Un día, mientras el sol pintaba el cielo de tonos anaranjados y morados, un grupo de mariposas, con alas tan finas como papel de seda de colores, decidió que mis bordes eran el lugar perfecto para un picnic improvisado. Se posaron suavemente, y su aleteo, tan ligero como una brisa de algodón de azúcar, comenzó a hacer algo increíble. Mis tazas, las que siempre estaban quietas, empezaron a moverse. Primero fue un bamboleo suave, luego un giro lento, y después… ¡un giro de verdad! Me sentí como si mis ruedas, dormidas por tanto tiempo, hubieran despertado de un sueño profundo.
Con cada giro de las mariposas, yo giraba un poco más rápido. ¡Era como si el aire se volviera música y yo fuera un bailarín que acababa de aprender un paso nuevo! De repente, noté las hojas secas que cubrían el suelo a mi alrededor. ¡Eran tantas, de mil colores! Mientras giraba, el viento que yo creaba las levantó, y empezaron a dar vueltas y vueltas, como pequeños acróbatas en un circo invisible. ¡Estaban bailando! Yo, Tazas Giratorias, estaba haciendo bailar a las hojas. Era una idea tan loca y maravillosa que mi eje central vibró de emoción.
Pronto, unos niños que jugaban cerca vieron el espectáculo. Sus ojos se abrieron grandes como platos de sopa y empezaron a reír, una risa que sonaba como campanillas de viento.

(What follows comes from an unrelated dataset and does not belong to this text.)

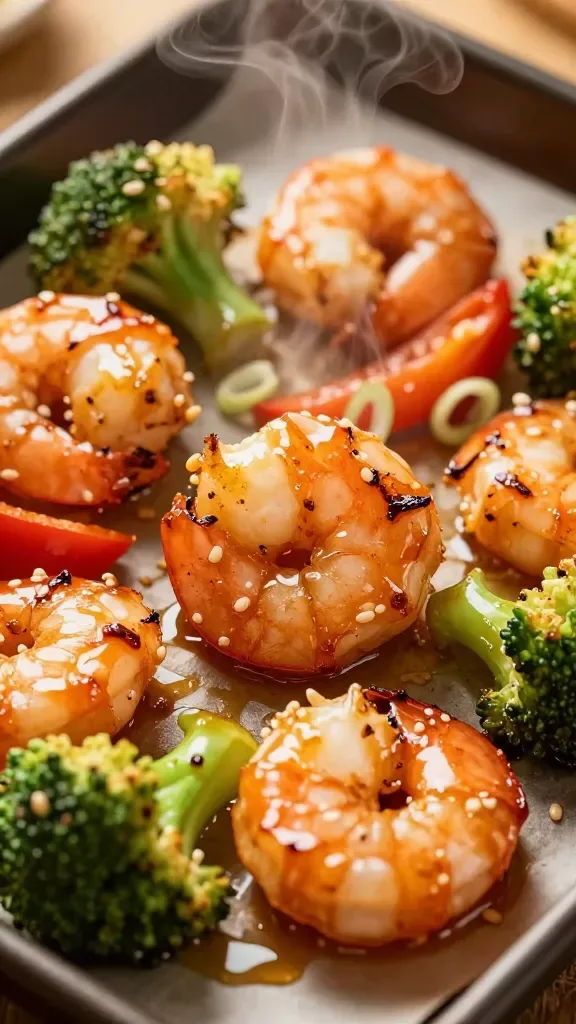 Macro closeup of plump roasted shrimp on a sheet pan, glazed with a glossy honey-soy-garlic sauce, lightly caramelized edges, scattered with roasted broccoli florets and red bell pepper strips, a few sesame seeds and thin scallion slices as garnish, steam rising, warm golden lighting, shallow depth of field, no extra ingredients, no text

— ¡Mira, mamá! —exclamó una niña con coletas, señalándome—. ¡Las tazas bailan y las hojas también! ¡Es un torbellino de otoño mágico!
Yo giraba y giraba, creando un vórtice de hojas que subían y bajaban, como si tuvieran vida propia. Me sentía útil, alegre y lleno de una energía que no sabía que tenía. Las mariposas, mis cómplices, aleteaban aún con más entusiasmo.